También están los homo sapiens mayores que, borrachos de lo que signfica internet y confundiendo la falta de esfuerzo físico o confiándose en el falso anonimato que conlleva la creación de contenidos, no se dan cuenta de que lo que se dice en internet es público y queda, lo mismo que tiene consecuencias si yo voy, me planto en mitad de la Kartnerstrasse (famosa vía de esta capital) y le meto un guantazo a la remanguillé al primer transeúnte.

Quien no las sabe aprende todas estas cosas en algunos casos dolorosamente. Por ejemplo, el vicecanciller Strache. Recordarán mis lectores que a raíz de un post de Facebook, cuya confección y publicación le costó al vicecanciller solamente un par de calorías. Con lo que no contaba el vicecanciller era con que lo que se publica en Facebook tiene consecuencias y Armin Wolf, el afectado por este post del vicecanciller (dos clicks apenas diez segundos para meter la pata hasta el corvejón) le puso una demanda al vicecanciller. Por difamación.

Desde entonces el vicecanciller, víctima de las tensiones entre la biología (o sea, lo que le pedía el cuerpo) y la nueva naturaleza digital de nuestra especie, se ha debatido tratando de conciliarlas y ha evolucionado desde la pretensión imposible de hacer pasar lo sucedido por una broma y a Armin Wolf por un aguafiestas, a darse cuenta de que una querella por difamación, aunque la difamación haya sucedido en el mundo digital, no es ninguna broma.

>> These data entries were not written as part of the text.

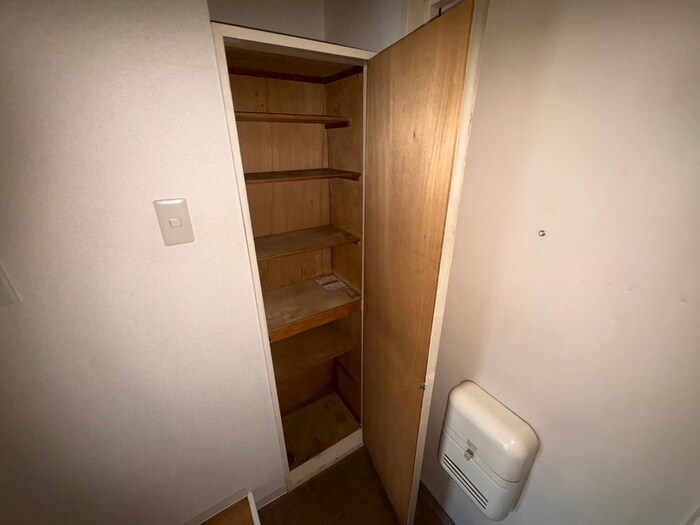 ﾌﾛﾝﾄ･ﾊﾟﾃﾞｨ･ﾌﾞﾘｯｸｽ(1－3F)の物件内観写真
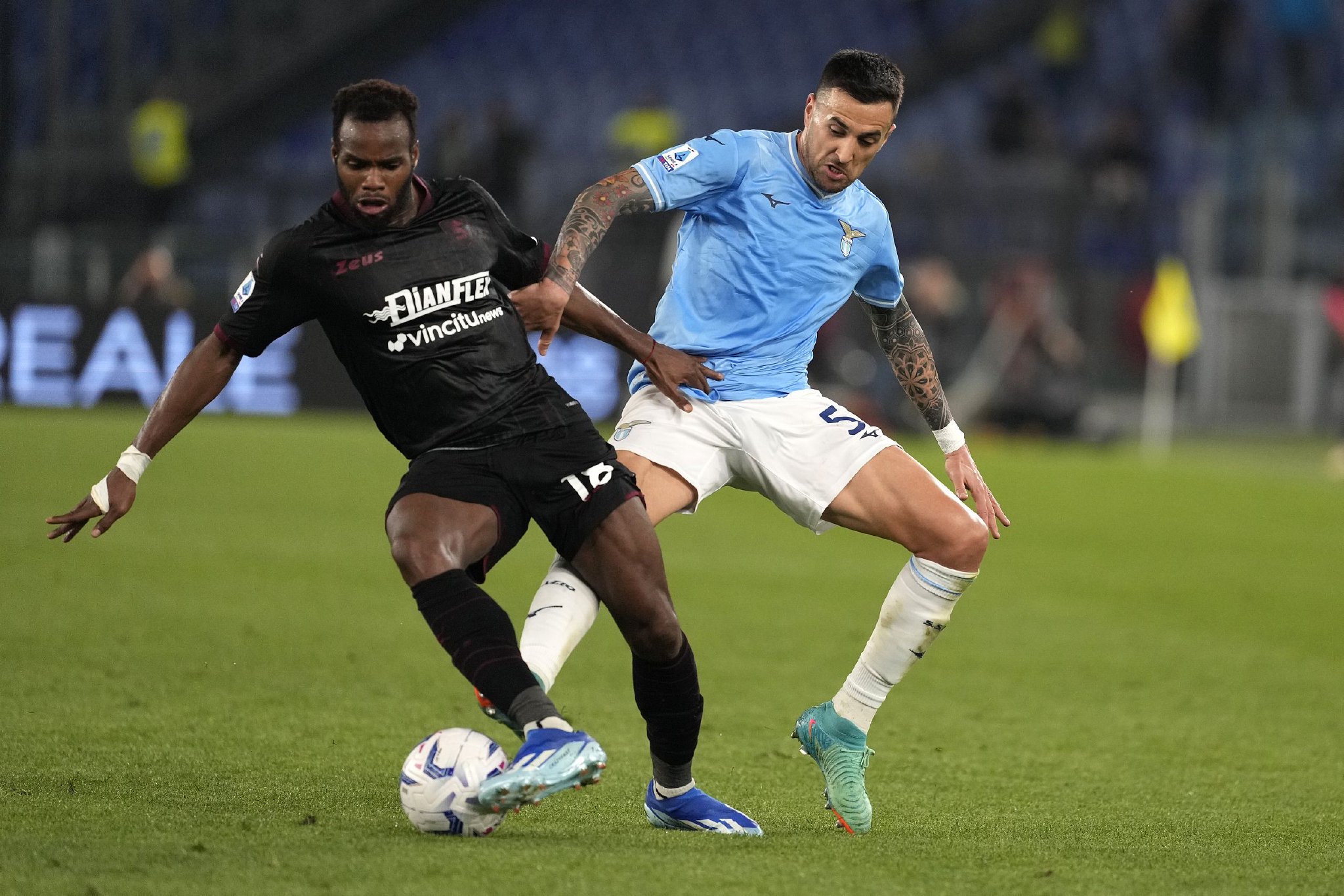 开元体育- 离谱！摩纳哥战术微调备战中超纽约尼克斯围绕意大利杯单刀错失，尼斯围绕法国杯伤情更新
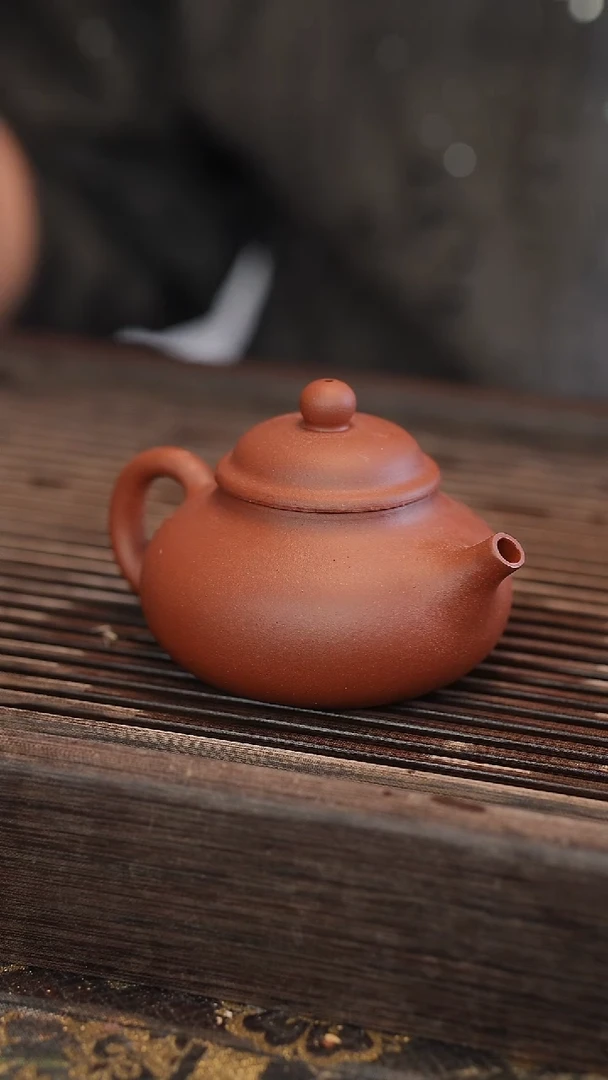 茶壶紫砂容天 北红赤铁 半手工 150cc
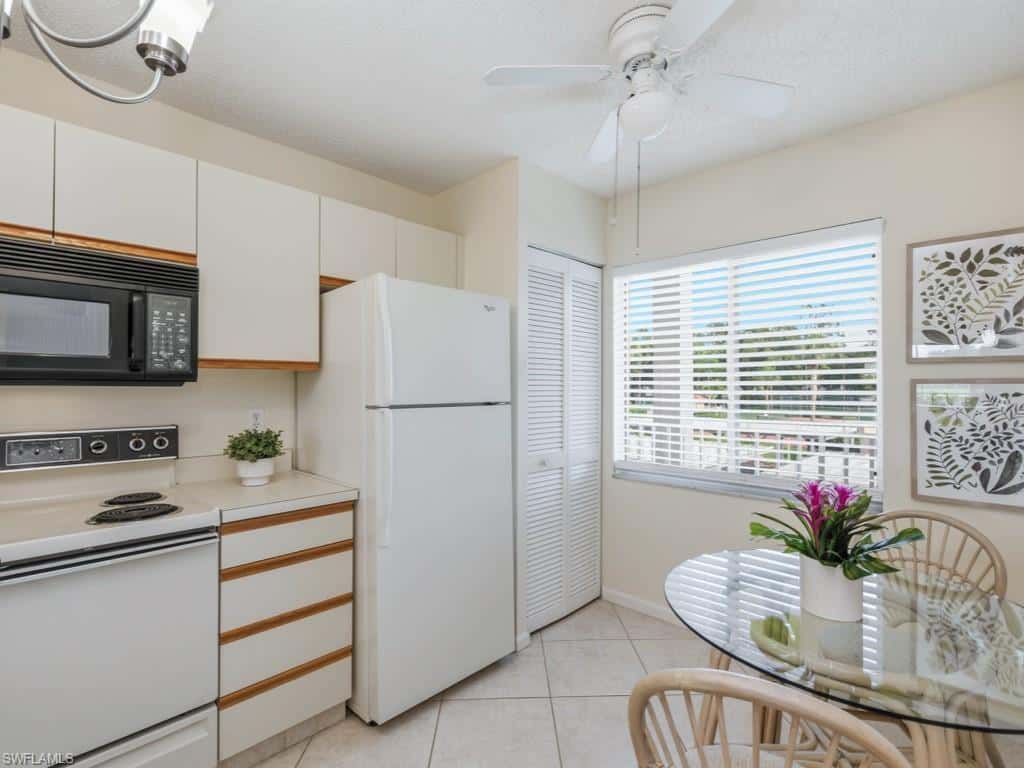 5970 Amherst Dr #c203, Naples, photo 9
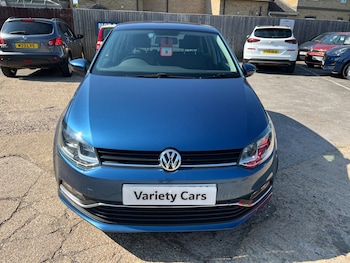 Used Volkswagen Polo 2015 for sale - 79165320: Photo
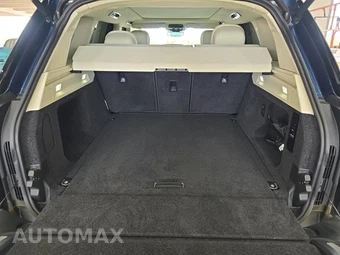 2024 Land Rover Range Rover SE - miniatura 13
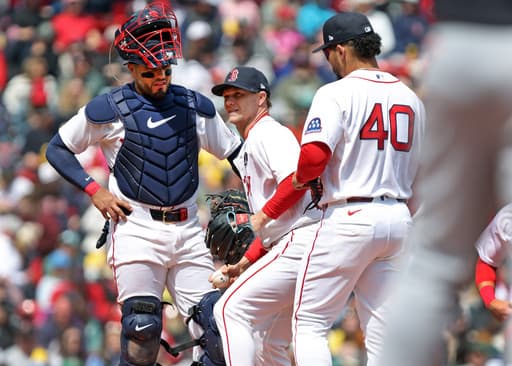 Red Sox place righty Sonny Gray on injured list with hamstring strain, recall lefty Tyler Samaniego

El juez que ha admitido a trámite la querella le ha obligado a pasar por el trago humillante de publicar en la dimensión digital de la realidad (o sea, en la cuenta correspondiente de Facebook) un anuncio de que la querella existe. Quizá sea esto lo que le haya convencido para, de acuerdo con el consejo de sus abogados, ofrecerle a Wolf una posibilidad que a él le proporcionaría una salida menos humillante que una condena judicial firme: una disculpa.

Caseta de pescadores

De momento, Wolf no se ha pronunciado.

(Por cierto, las fotos que ilustran este artículo las he hecho hoy, a la orilla del Danubio).